[Opening Record set section]

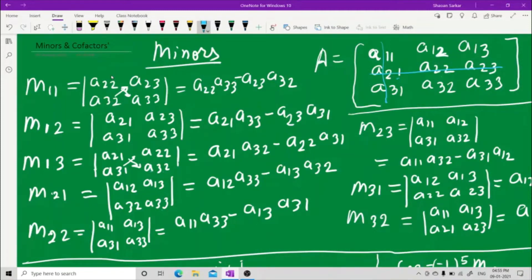Now M22: hide the second row and the second column. What you get is a11, a13, a31, a33. So M22 equals a11 into a33 minus a31 into a13. Now for M23, that is second row and third column, you need to hide the second row.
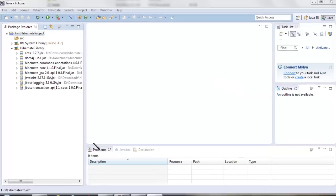We are done with the first step. The second step is to include the Java database driver in the project's classpath for the relational database you want to use. For all my Hibernate tutorials I'm going to use MySQL database, which I've already installed on my machine. You can use Oracle, Postgres, Derby, or any other relational database — install it, download its Java database driver from its website, and include it in the project's classpath.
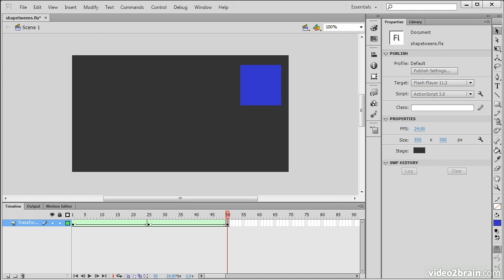This lesson has demonstrated a number of things that you can do with Shape Tween in Flash Professional CS6.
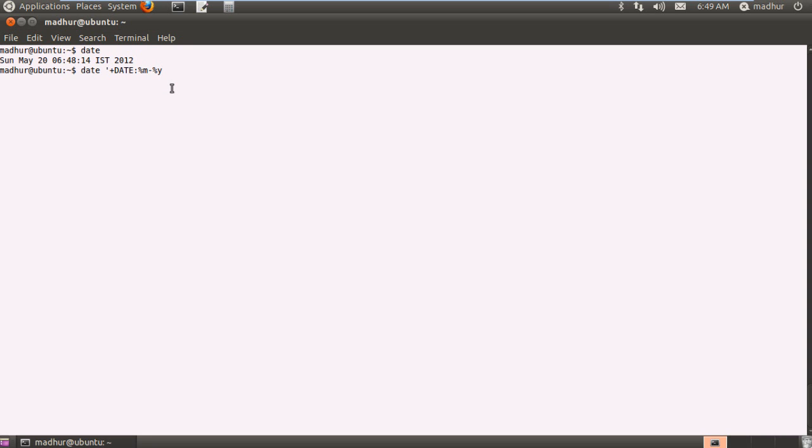And then suppose if I want to see the time but I want to see the time on a new line, I'll have to use %n which basically would tell the shell to display the time on a new line. And then I can type in time and then follow it up with another colon and then view it in what format? Hours, minutes and seconds? Alright, that would be fine.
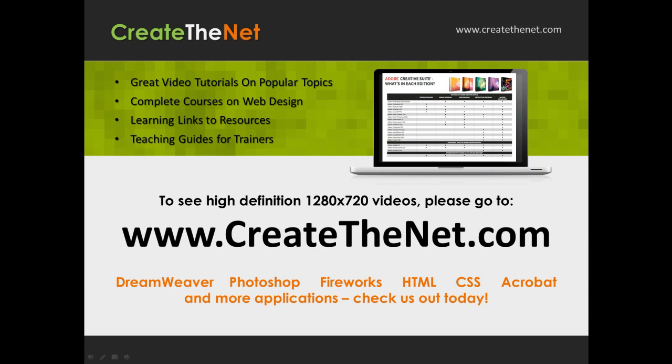Also if you're interested in seeing the high definition 1280 by 720 videos, please go to createthenet.com. When we upload these videos to video sharing services, they always shrink the video size down and decrease the quality so they come out a little bit fuzzy. If you will go to the website, you can see the full resolution versions of these videos.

[Closing Record set section]

* _Exercise instructions_
Leave out the pictures, and write out all the remaining data above exactly.

* _Answer to this task_
Now M22: hide the second row and the second column. What you get is a11, a13, a31, a33. So M22 equals a11 into a33 minus a31 into a13. Now for M23, that is second row and third column, you need to hide the second row.
We are done with the first step. The second step is to include the Java database driver in the project's classpath for the relational database you want to use. For all my Hibernate tutorials I'm going to use MySQL database, which I've already installed on my machine. You can use Oracle, Postgres, Derby, or any other relational database — install it, download its Java database driver from its website, and include it in the project's classpath.
This lesson has demonstrated a number of things that you can do with Shape Tween in Flash Professional CS6.
And then suppose if I want to see the time but I want to see the time on a new line, I'll have to use %n which basically would tell the shell to display the time on a new line. And then I can type in time and then follow it up with another colon and then view it in what format? Hours, minutes and seconds? Alright, that would be fine.
Also if you're interested in seeing the high definition 1280 by 720 videos, please go to createthenet.com. When we upload these videos to video sharing services, they always shrink the video size down and decrease the quality so they come out a little bit fuzzy. If you will go to the website, you can see the full resolution versions of these videos.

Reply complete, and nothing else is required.